Los volcanes de Guatemala son un atractivo turístico para connacionales y extranjeros. Sin embargo, en estos espacios se realizan actividades que pueden dañar los elementos naturales, culturales y productivos que albergan, o poner en riesgo la vida de las personas que se aventuran a escalarlos.

De esa cuenta, el Consejo Nacional de Áreas Protegidas (Conap) publicó recientemente el Normativo para el manejo de las zonas de veda definitiva establecidas en los volcanes de la República de Guatemala.
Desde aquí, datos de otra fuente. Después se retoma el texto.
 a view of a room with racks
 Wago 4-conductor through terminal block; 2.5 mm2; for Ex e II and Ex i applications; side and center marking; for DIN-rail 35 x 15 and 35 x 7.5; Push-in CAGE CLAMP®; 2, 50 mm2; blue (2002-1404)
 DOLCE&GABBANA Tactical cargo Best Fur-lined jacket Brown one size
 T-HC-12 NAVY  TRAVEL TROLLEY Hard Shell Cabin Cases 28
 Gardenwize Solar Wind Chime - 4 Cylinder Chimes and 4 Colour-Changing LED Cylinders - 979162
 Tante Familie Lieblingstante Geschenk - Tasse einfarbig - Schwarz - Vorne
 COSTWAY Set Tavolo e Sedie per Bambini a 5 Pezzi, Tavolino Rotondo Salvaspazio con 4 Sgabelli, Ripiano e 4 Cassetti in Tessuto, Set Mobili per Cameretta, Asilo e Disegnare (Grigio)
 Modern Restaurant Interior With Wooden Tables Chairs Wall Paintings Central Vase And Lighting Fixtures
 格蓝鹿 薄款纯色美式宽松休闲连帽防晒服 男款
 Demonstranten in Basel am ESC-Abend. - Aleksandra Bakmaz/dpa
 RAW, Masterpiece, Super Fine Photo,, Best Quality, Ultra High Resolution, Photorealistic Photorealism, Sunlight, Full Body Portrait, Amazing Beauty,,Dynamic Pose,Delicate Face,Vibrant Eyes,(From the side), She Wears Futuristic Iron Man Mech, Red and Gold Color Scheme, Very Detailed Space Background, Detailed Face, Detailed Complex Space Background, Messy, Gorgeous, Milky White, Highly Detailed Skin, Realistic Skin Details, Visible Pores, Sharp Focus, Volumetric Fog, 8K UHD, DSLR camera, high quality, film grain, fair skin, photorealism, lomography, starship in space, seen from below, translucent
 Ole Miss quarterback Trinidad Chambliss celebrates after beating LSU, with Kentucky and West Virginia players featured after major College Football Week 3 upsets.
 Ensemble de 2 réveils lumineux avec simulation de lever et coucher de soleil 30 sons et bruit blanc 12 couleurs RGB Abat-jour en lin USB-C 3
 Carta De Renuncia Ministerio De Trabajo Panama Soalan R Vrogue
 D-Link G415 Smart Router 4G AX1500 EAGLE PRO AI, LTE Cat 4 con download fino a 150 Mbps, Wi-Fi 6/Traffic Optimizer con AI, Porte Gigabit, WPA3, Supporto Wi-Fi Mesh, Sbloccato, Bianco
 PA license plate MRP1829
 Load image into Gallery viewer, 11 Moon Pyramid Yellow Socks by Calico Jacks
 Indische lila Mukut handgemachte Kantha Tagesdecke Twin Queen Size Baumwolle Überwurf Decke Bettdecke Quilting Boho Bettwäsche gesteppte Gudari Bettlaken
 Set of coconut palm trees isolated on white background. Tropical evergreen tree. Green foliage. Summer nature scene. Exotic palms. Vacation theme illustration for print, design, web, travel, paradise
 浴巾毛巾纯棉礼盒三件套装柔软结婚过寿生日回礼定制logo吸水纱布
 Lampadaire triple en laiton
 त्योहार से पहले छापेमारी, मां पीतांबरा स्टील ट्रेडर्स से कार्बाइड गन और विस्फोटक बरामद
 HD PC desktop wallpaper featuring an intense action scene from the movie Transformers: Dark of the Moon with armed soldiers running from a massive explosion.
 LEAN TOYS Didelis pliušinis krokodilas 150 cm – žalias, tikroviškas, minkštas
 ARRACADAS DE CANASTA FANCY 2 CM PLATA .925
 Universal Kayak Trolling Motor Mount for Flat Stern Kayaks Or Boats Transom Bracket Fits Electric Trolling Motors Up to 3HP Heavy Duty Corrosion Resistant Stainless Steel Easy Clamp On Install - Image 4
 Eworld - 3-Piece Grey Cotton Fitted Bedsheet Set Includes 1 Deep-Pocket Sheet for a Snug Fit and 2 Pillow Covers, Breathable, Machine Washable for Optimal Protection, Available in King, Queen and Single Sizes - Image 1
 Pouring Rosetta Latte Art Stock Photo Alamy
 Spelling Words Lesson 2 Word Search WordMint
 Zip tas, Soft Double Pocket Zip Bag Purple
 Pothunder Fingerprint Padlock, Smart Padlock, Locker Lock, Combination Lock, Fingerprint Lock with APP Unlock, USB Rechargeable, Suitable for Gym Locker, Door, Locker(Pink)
Se trata de una actualización de un acuerdo que data de 1956.

Lucila Pérez, asesora en Patrimonio Cultural y Ecoturismo del Conap, indica que el objetivo de la normativa es cumplir con los fines de conservación y protección de las zonas de veda en 33 volcanes del país.

Dicha zona es un espacio debidamente delimitado que se ubica desde el cráter de un volcán hasta un desnivel del 30%. En esa área no podrán efectuarse descombros y se debe favorecer la restauración de sus bosques mediante la regeneración natural, según la normativa.

Pérez indica que era necesario actualizar el acuerdo de hace 70 años conforme el contexto actual, debido a una serie de actividades ilícitas que se desarrollan en las áreas protegidas de los volcanes y que, por no existir claridad sobre los usos permitidos y prohibidos en las zonas de veda, continúan realizándose.